In the material below, find how many lines contain the string "mirror". Write only that number.

- _Records supplied_
= Beginning of Section =

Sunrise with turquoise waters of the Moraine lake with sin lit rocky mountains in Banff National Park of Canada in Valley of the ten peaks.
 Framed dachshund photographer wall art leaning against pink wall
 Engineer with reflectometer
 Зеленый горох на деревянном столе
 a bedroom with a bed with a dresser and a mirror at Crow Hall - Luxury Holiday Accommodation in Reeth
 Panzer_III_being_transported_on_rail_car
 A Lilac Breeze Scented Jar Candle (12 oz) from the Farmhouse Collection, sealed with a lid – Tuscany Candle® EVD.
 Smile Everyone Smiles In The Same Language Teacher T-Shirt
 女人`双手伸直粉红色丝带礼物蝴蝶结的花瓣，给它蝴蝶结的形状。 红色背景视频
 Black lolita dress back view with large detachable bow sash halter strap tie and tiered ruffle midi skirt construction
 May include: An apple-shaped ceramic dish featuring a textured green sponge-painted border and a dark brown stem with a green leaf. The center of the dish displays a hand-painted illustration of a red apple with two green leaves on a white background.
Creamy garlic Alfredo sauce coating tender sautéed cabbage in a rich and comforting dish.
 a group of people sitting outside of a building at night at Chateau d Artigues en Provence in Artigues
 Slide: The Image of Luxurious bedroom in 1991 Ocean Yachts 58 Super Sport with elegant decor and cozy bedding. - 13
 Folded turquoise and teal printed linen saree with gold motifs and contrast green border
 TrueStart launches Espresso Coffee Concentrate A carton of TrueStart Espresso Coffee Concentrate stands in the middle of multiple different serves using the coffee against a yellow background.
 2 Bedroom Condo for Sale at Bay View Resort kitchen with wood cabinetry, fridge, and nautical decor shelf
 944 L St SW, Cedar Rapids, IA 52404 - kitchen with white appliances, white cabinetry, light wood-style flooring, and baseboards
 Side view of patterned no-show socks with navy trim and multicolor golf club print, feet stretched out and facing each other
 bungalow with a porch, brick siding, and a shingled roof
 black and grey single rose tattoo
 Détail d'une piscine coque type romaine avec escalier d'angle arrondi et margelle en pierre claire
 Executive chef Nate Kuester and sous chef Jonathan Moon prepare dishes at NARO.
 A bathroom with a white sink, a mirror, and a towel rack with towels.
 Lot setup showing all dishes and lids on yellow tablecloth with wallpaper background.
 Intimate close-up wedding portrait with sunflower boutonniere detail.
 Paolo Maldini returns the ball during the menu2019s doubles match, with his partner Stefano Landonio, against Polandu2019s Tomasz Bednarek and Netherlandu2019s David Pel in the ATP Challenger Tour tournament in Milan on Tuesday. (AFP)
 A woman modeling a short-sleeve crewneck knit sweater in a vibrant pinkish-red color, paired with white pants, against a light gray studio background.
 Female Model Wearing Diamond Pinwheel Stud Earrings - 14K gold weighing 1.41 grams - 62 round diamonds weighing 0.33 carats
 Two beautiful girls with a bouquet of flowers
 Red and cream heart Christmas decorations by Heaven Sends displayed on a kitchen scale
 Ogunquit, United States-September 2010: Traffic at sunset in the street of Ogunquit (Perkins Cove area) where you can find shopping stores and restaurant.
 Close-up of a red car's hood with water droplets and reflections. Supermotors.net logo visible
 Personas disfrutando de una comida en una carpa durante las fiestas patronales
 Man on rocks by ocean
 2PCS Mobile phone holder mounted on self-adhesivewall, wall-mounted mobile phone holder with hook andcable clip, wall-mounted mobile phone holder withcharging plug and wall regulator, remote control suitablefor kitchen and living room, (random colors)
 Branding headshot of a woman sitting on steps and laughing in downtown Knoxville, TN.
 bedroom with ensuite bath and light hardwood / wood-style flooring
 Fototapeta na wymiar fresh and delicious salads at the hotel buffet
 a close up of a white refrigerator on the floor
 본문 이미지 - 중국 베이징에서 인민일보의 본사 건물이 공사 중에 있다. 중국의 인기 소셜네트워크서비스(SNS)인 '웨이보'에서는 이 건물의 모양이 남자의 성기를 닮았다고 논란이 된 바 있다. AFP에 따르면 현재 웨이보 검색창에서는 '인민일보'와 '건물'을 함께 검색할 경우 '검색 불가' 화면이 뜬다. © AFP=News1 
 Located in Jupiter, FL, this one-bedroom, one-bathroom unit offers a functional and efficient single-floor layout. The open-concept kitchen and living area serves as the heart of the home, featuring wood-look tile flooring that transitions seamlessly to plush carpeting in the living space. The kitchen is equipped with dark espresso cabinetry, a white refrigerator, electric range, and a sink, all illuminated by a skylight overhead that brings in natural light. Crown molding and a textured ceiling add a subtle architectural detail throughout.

= End of Section =

- _Solution_
2